**EXERCISE:**
Please give the whole listing again word for word, and drop any pictures it holds.

**DATA EXCERPT:**
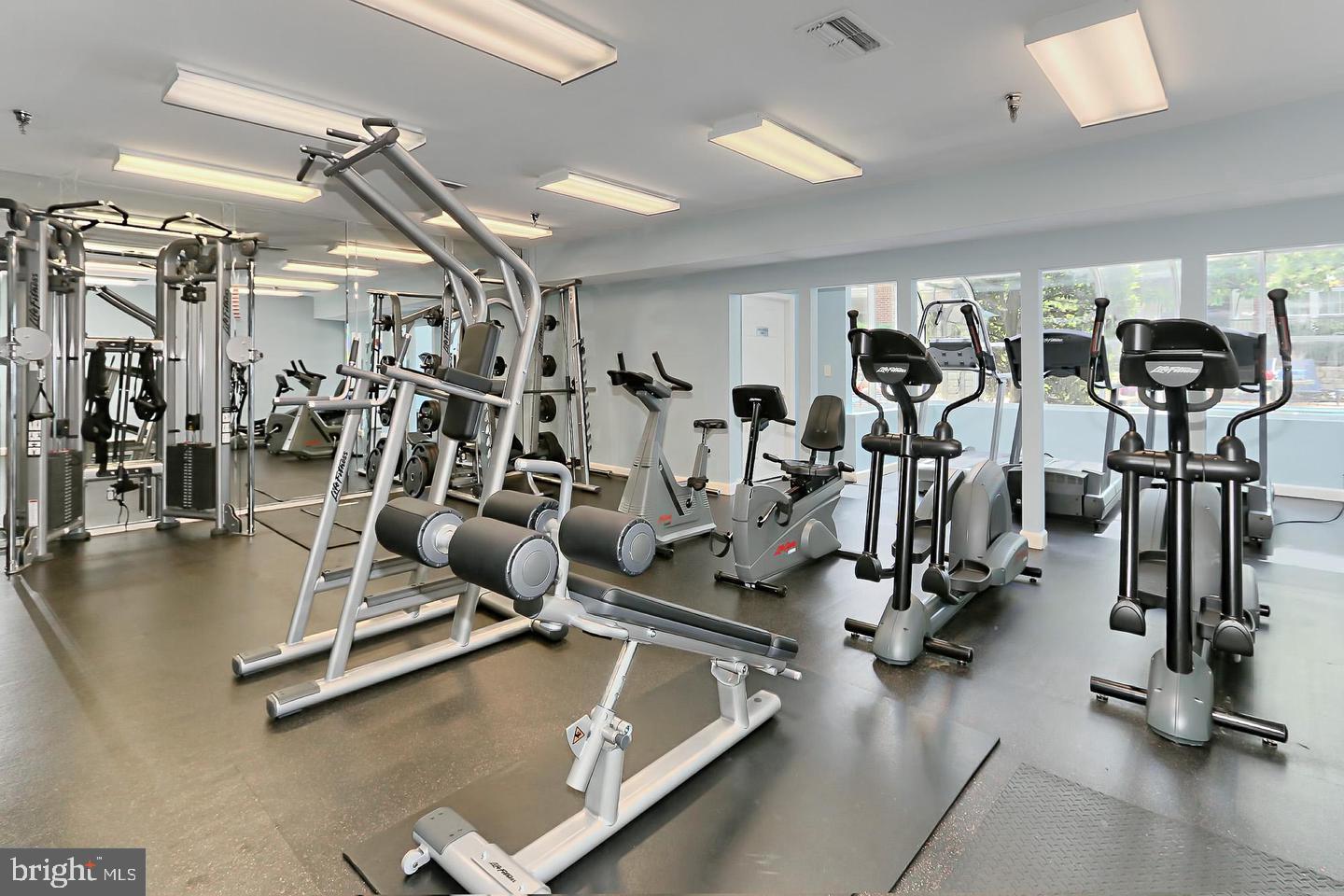 POINTE AT PARK CENTER - Residential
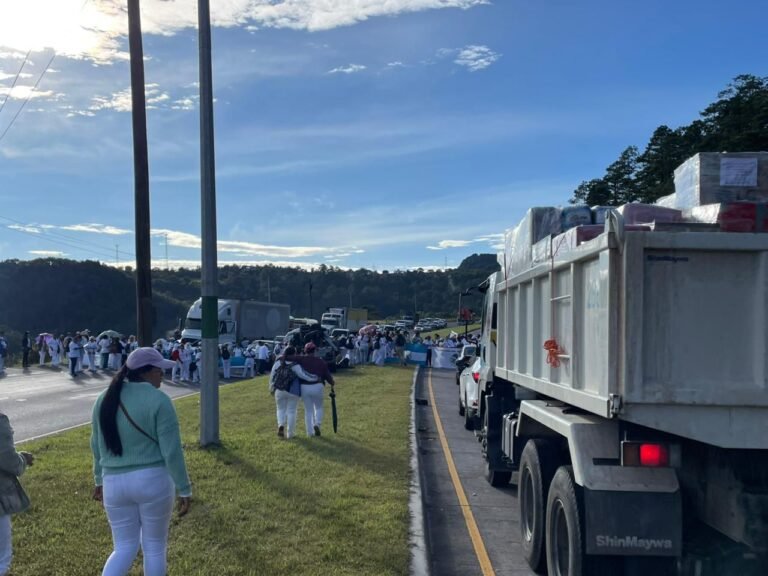 Enfermeras auxiliares paralizan carreteras en Tegucigalpa y San Pedro Sula 15 WhatsApp Image 2025 09 16 at 8.23.02 AM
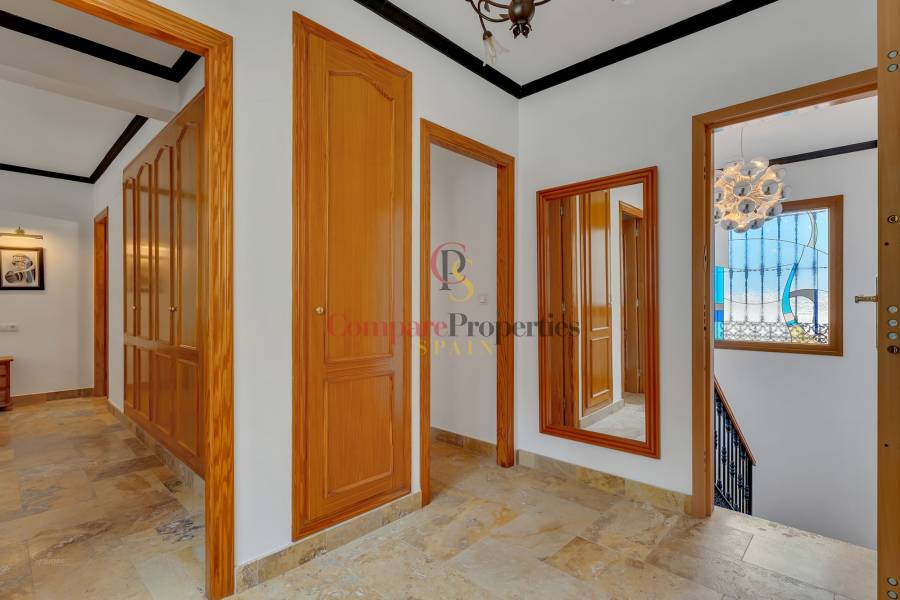 Verkauf - Villa - Orba Valley -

**SOLUTION FOR THIS EXERCISE:**
 POINTE AT PARK CENTER - Residential
 Enfermeras auxiliares paralizan carreteras en Tegucigalpa y San Pedro Sula 15 WhatsApp Image 2025 09 16 at 8.23.02 AM
 Verkauf - Villa - Orba Valley -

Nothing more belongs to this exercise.